However, if rising market power is not a clear global trend, or not one of parallel significance, this focuses attention on other ‘local’ factors which could explain the rise of markups and decline of the labor share in specific countries. In short, it suggests that the reason why some countries have not experienced a significant decline in the labor share is because they performed (slightly) better than others in controlling market power and anti-competitive practices.

Final Remarks          

We find that the effectiveness of competition policy is positively associated with the labor share. When more effective polices are in place, the labor share is higher. These results hold over several specifications and econometric models.
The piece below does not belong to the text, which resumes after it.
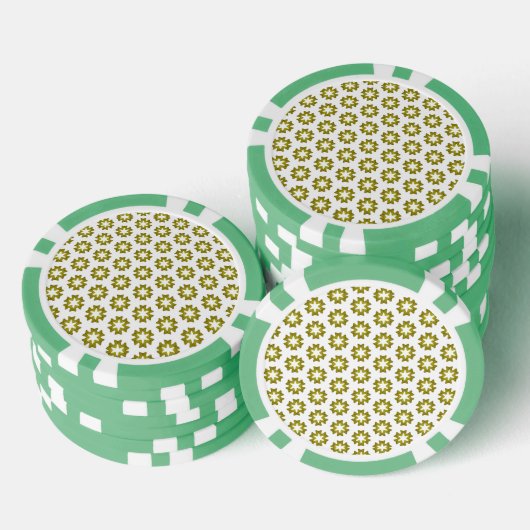 オリーブグリーンのパターン ポーカーチップ (積み重ね)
Our results suggest that the specific idiosyncratic features of a country’s competition law appear to be relevant when considering the interaction between competition policy and the labor share. For instance, since EU competition law is broadly considered to have a different philosophical structure and greater appetite for enforcement than the US, which supports the notion that the less active antitrust law enforcement could be a ‘local’ factor that has contributed to the observed decline in the labor share in the US. The results also reinforce the importance of considering other local factors, particularly forces that shape the levels of labor protection and labor bargaining power, when examining changes in the labor share.

Overall, our results suggest that there may be a causal link between competition policy and the labor share and, more broadly, distributional outcomes. However, more work is needed to confirm this result. We recognize, for example, that there is a need to account for the fact that competition policy is, in fact, not merely a corrective tool for markets but, at the same time, may shape or correlate with the quality of a country’s economic institutions more generally (such as central banks). In addition, our analysis is based on aggregated industry data, which does not allow us to account for labor shares among firms within the same industry. We believe that while growing evidence of rising global markups aligned with previous work on the labor share (and its association with trade and technological developments), there is still scope for local factors—in particular the effectiveness of local competition laws—to explain some of the inconsistencies and variations observed across countries.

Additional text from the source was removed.